I’m bothered by it, too. And so is Christopher Hill, a reader and frequent car renter.
But he’s got an idea: Why not close the loophole on these frivolous claims?
This afternoon, when I returned my rental car to Dollar in Washington, the representative Jason (who was the fleet manager), made a quick walk around the car, printed off a receipt and handed it to me.
Keeping in mind the number of consumers that have been getting billed for damages after they return home, I asked Jason if it was written anywhere on the receipt that the car was returned with no damage.
He answered, “Yes, your total is right there at the bottom.”
Huh? I responded that while the receipt did indeed show a total, I would like it to state somewhere that there was no damage.
Jason told me that they didn’t have the ability to do that. So I reached in my pocket and pulled out a pen which I offered to him as a solution, and asked if he would write on the receipt that there was no damage and sign it.
Now he told me that if there had been any damage, I would have had to fill out a damage report there on the spot, and that the fact that I was handed a receipt was my proof that there was no damage.
Again, this goes against the experiences of several of your other readers, which I mentioned to Jason. He responded that while policies may differ from one company to another, the policy of Dollar was to identify and document any damage at the time the customer returned the car.

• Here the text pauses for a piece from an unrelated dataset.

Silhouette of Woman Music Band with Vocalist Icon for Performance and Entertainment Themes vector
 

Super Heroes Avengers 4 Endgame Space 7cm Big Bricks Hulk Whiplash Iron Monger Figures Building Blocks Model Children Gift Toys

It’s understandable therefore, if this truly is the case, that consumers are left uncertain of how best to protect themselves, when they get a different story from each rental car company, if not each different employee. When you rent an apartment, you typically will conduct a move-in inspection and move-out inspection and both will be signed by the tenant and the landlord. So why should it be any different with a rental car?
I agree. We’ve debated this issue in the comments previously, with car rental representatives insisting that they needed more time to go over the vehicle to determine if there was any damage, and lawyers claiming that the return receipt was, in effect, the “all clear” document that trumped any future claim.
There are a few solutions, as I see it. The first is that a car rental company should automatically take a digital photo of every car before and after it is rented. Hertz said it was going to do this last summer, but I’ve followed up several times to find out how the program is being implemented, only to be met with complete radio silence. The other is a standard release to be signed by a car rental company representative when you return the vehicle, that specifically releases you from any future damage claim.
Chances are, both options are too expensive. The digital cameras add to a location’s costs and to the time it takes to process a rental car. And the waiver would effectively end a car rental company’s ability to pursue a claim for damages that are “discovered” after the rental, whether they are legitimate or not.
These two steps could also shut down the cottage industry of third-party damage claim services that work with car rental companies to squeeze every available penny from insurance companies and renters.
Something tells me it’s not gonna happen.